▶

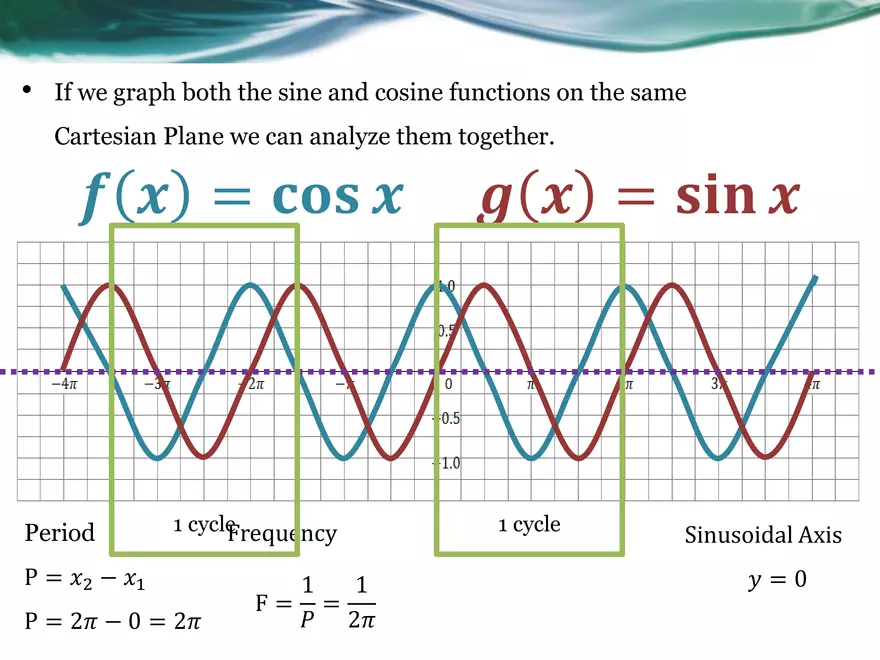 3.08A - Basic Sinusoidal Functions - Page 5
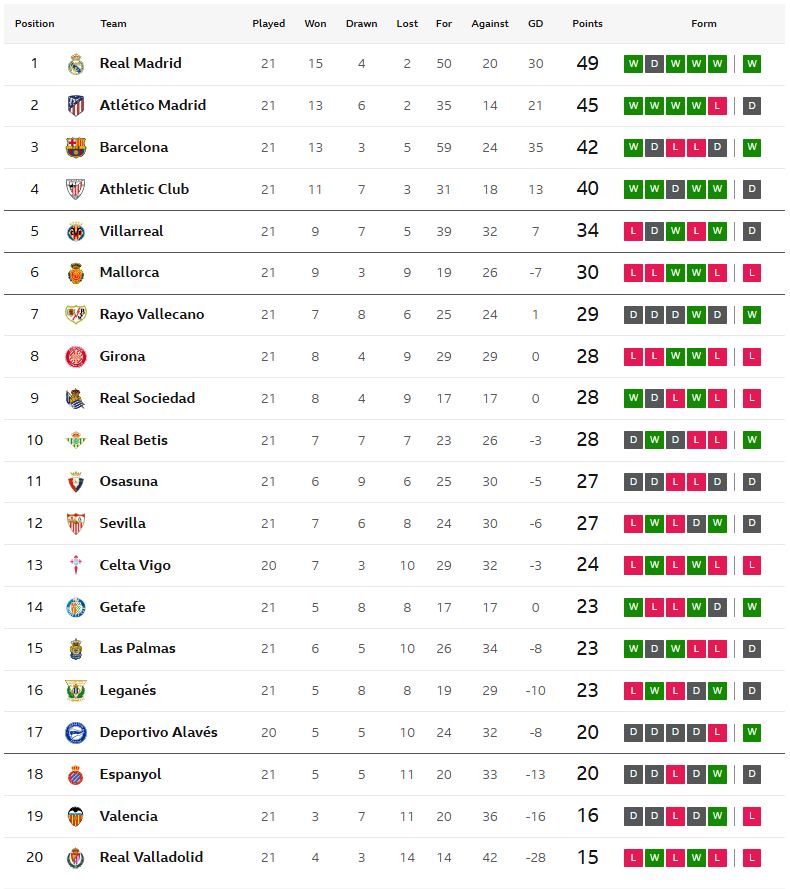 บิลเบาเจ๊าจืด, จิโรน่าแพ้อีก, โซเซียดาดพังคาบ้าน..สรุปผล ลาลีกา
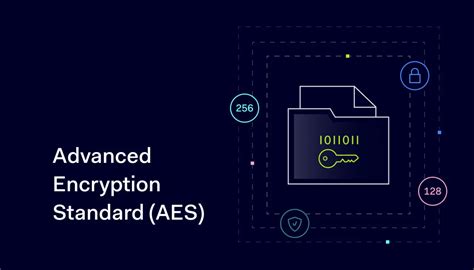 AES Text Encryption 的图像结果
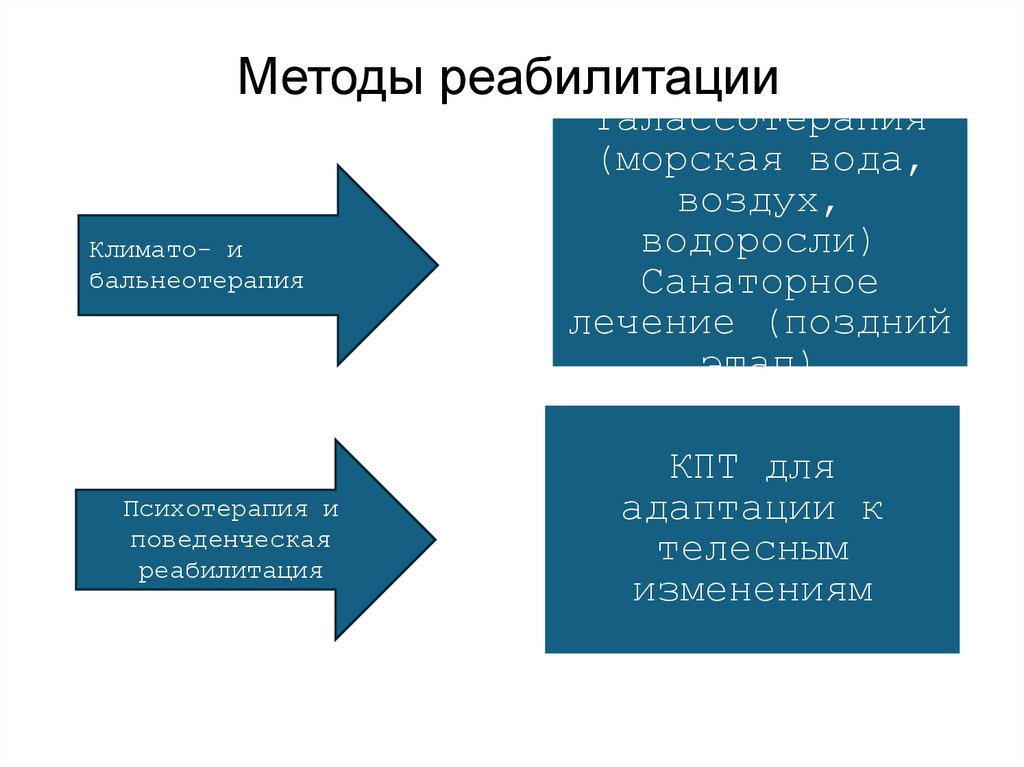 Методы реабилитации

◀
▶

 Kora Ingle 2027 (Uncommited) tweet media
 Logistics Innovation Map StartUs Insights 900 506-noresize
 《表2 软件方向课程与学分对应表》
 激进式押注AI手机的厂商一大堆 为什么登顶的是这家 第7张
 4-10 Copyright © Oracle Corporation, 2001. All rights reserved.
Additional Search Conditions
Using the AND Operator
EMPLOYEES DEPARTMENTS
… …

◀

What you have to do: Reproduce the listing above only between the lines holding "AES Text Encryption 的图像结果" and "Методы реабилитации", inclusive. Every line must match exactly, and pictures are dropped.

Answer area:
 AES Text Encryption 的图像结果
 Методы реабилитации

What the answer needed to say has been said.